* **Exercise material**
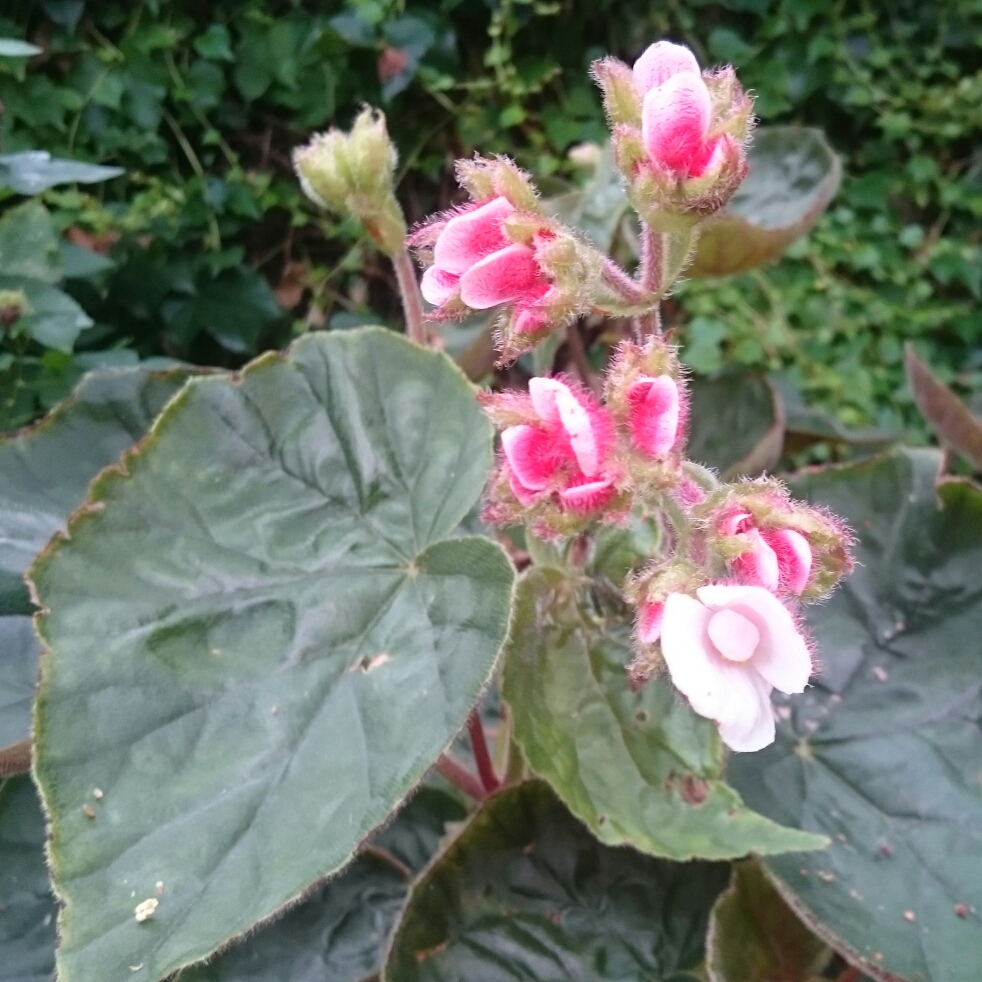 Begonia Scharfii in the GardenTags plant encyclopedia Elephant Ear Begonia in the GardenTags plant encyclopedia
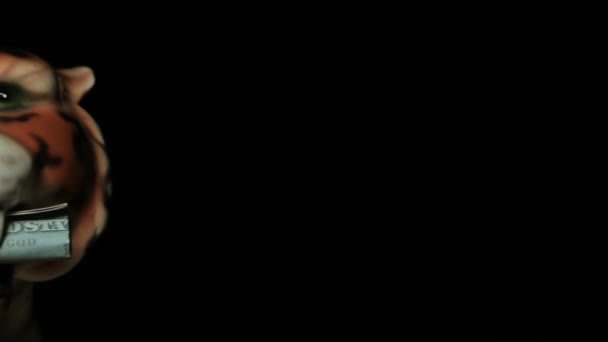 Kaplan Karanlık Arka Planının Görüntüleri — Stok video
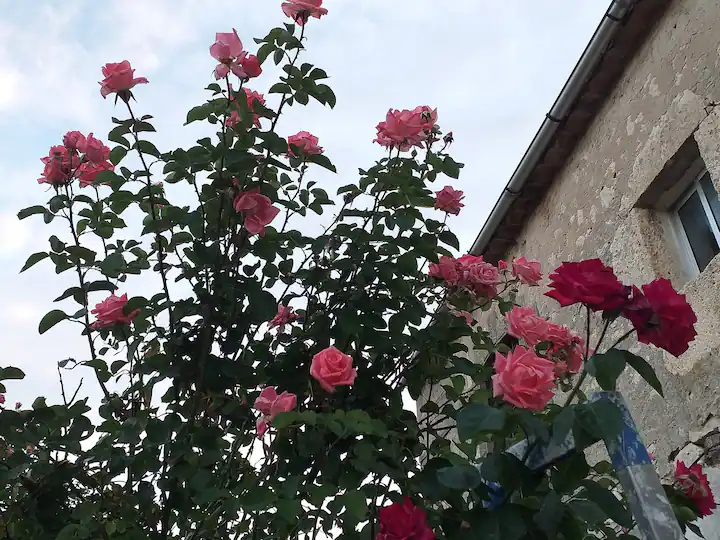 Rosales del jardín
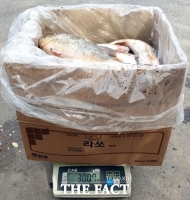  정읍시, 생태계 교란 외래어종 수매로 생태계 보호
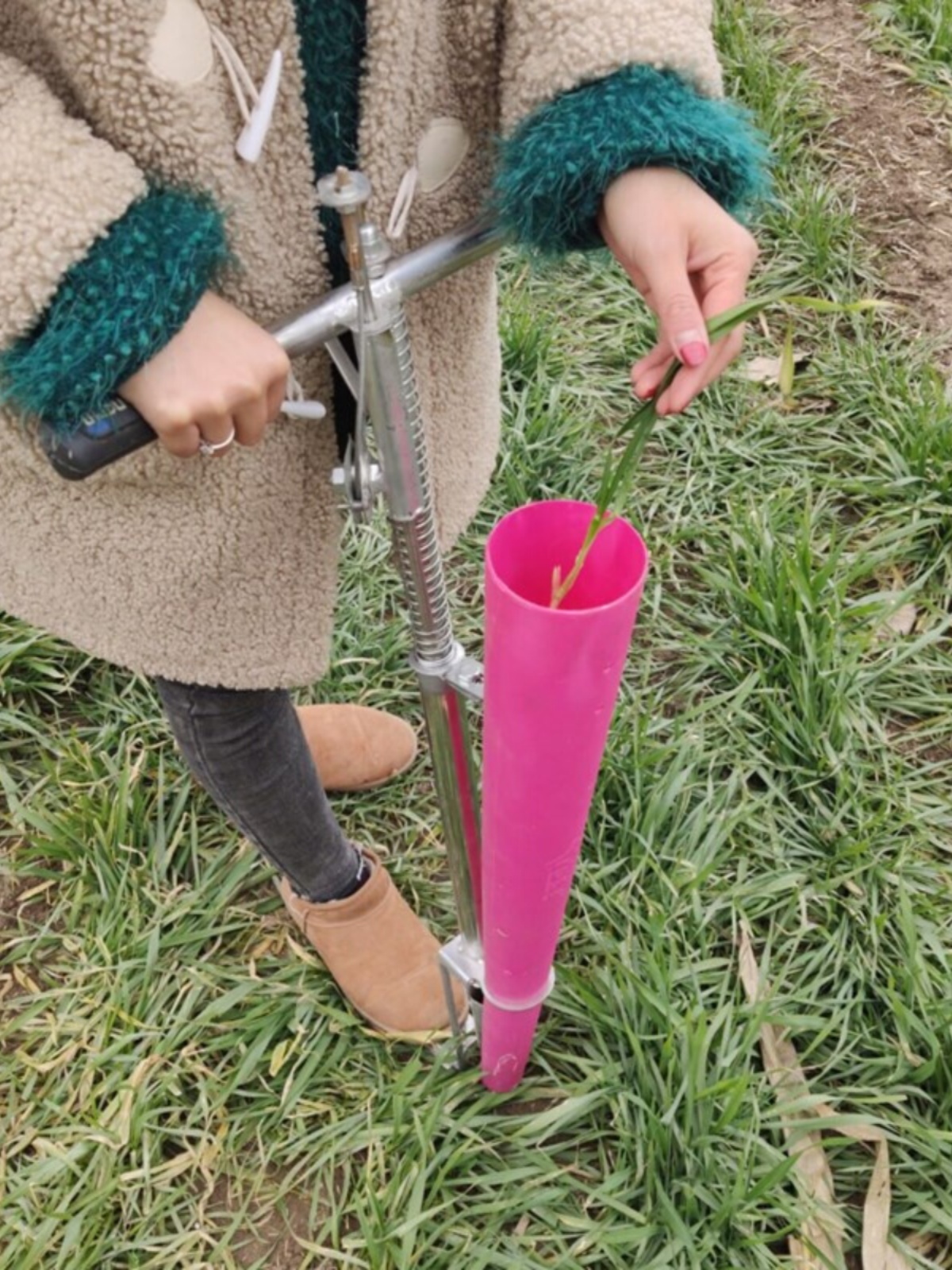 定制栽苗器移辣椒栽定植种苗栽秧神器栽苗机栽神器农业耕种机械新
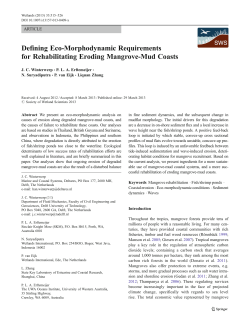 Defining Eco-Morphodynamic Requirements for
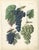 Mid 19th Century Dr. Calwer, Wine and Table Grapes, 1854, Chromolithographs on Paper, Set of 6 For Sale - Image 5 of 10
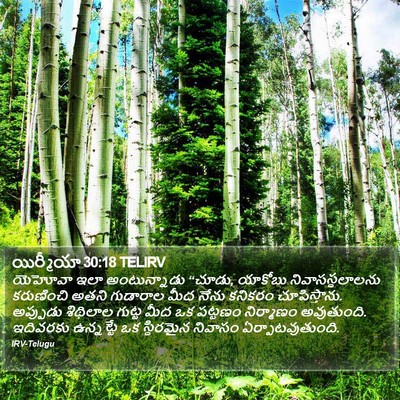 యిర్మీయా 30:18 TELIRV Bible Verse Image
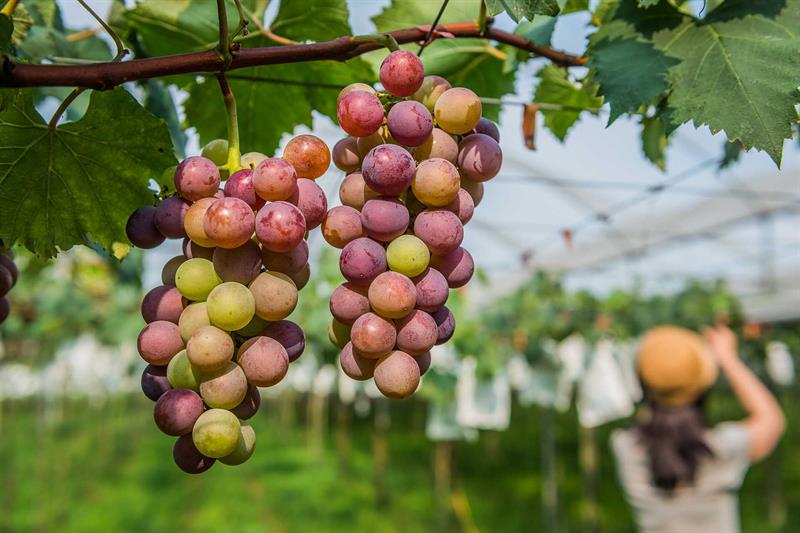 Wine Expert Studied in Germany Showing How to Pick Fruits and Taste Wine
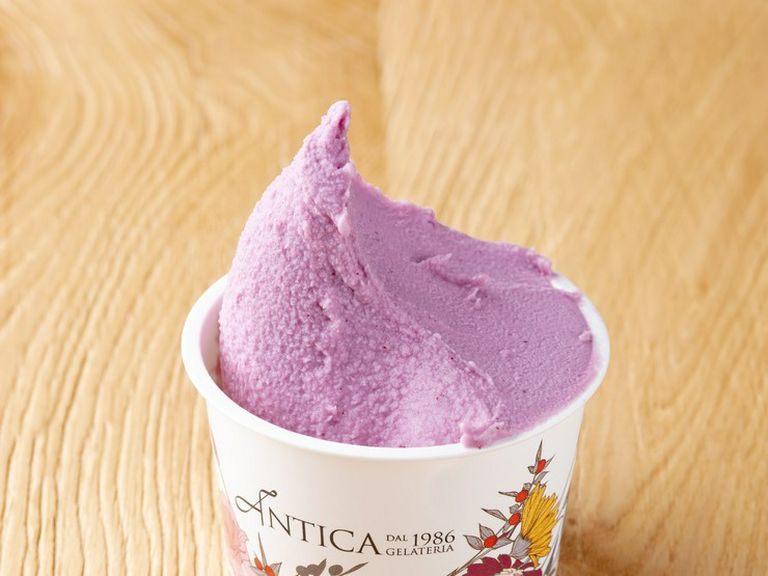 ANTICA GELATERIA SAPPORO Reservation in Susukino/Sweets - SAVOR JAPAN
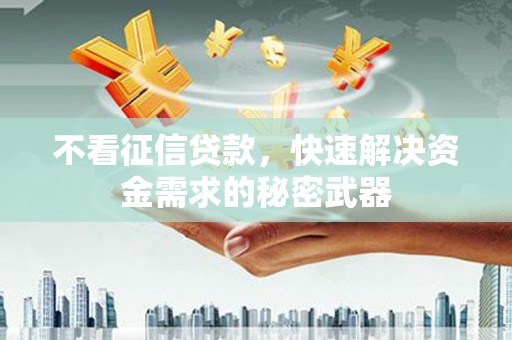 天元不看征信贷款，快速解决资金需求的秘密武器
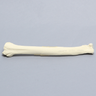 Canine Radius with Oblique Midshaft Fracture, Solid Foam, Right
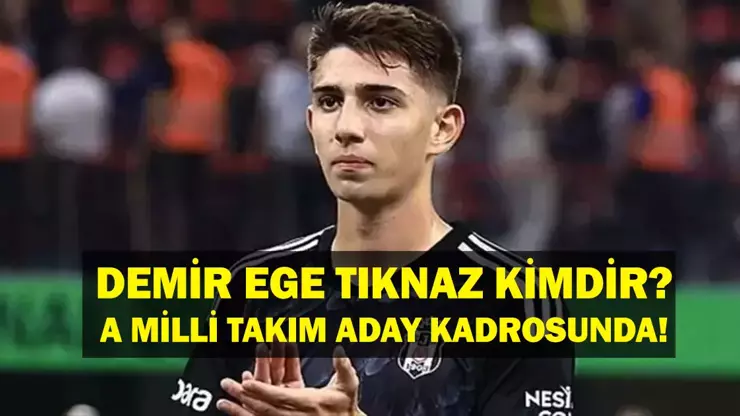 Demir Ege Tıknaz kimdir?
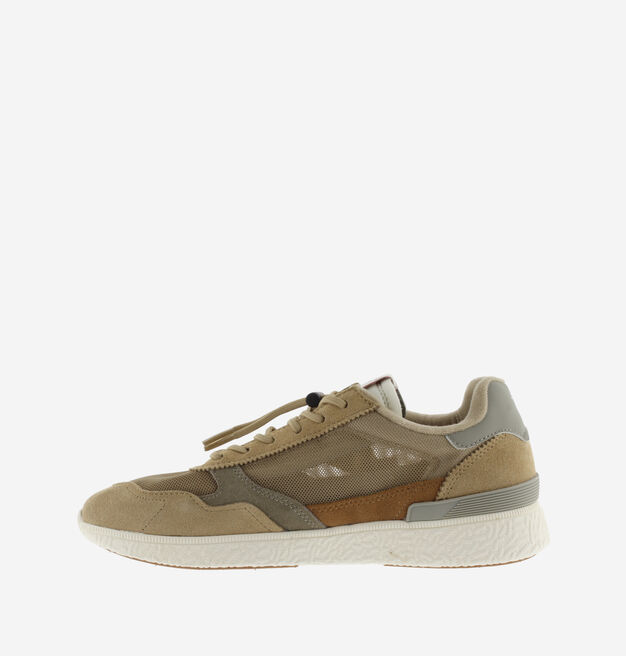 ANIMA - LIGHT MESH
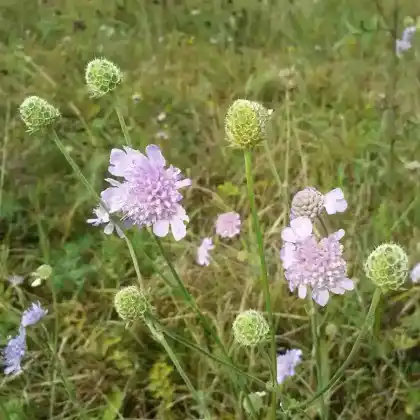 Foto von Duft-Skabiose (Scabiosa canescens)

* **What you should do**
Set out every record exactly, images excluded.

* **Output**
 Begonia Scharfii in the GardenTags plant encyclopedia Elephant Ear Begonia in the GardenTags plant encyclopedia
 Kaplan Karanlık Arka Planının Görüntüleri — Stok video
 Rosales del jardín
  정읍시, 생태계 교란 외래어종 수매로 생태계 보호
 定制栽苗器移辣椒栽定植种苗栽秧神器栽苗机栽神器农业耕种机械新
 Defining Eco-Morphodynamic Requirements for
 Mid 19th Century Dr. Calwer, Wine and Table Grapes, 1854, Chromolithographs on Paper, Set of 6 For Sale - Image 5 of 10
 యిర్మీయా 30:18 TELIRV Bible Verse Image
 Wine Expert Studied in Germany Showing How to Pick Fruits and Taste Wine
 ANTICA GELATERIA SAPPORO Reservation in Susukino/Sweets - SAVOR JAPAN
 天元不看征信贷款，快速解决资金需求的秘密武器
 Canine Radius with Oblique Midshaft Fracture, Solid Foam, Right
 Demir Ege Tıknaz kimdir?
 ANIMA - LIGHT MESH
 Foto von Duft-Skabiose (Scabiosa canescens)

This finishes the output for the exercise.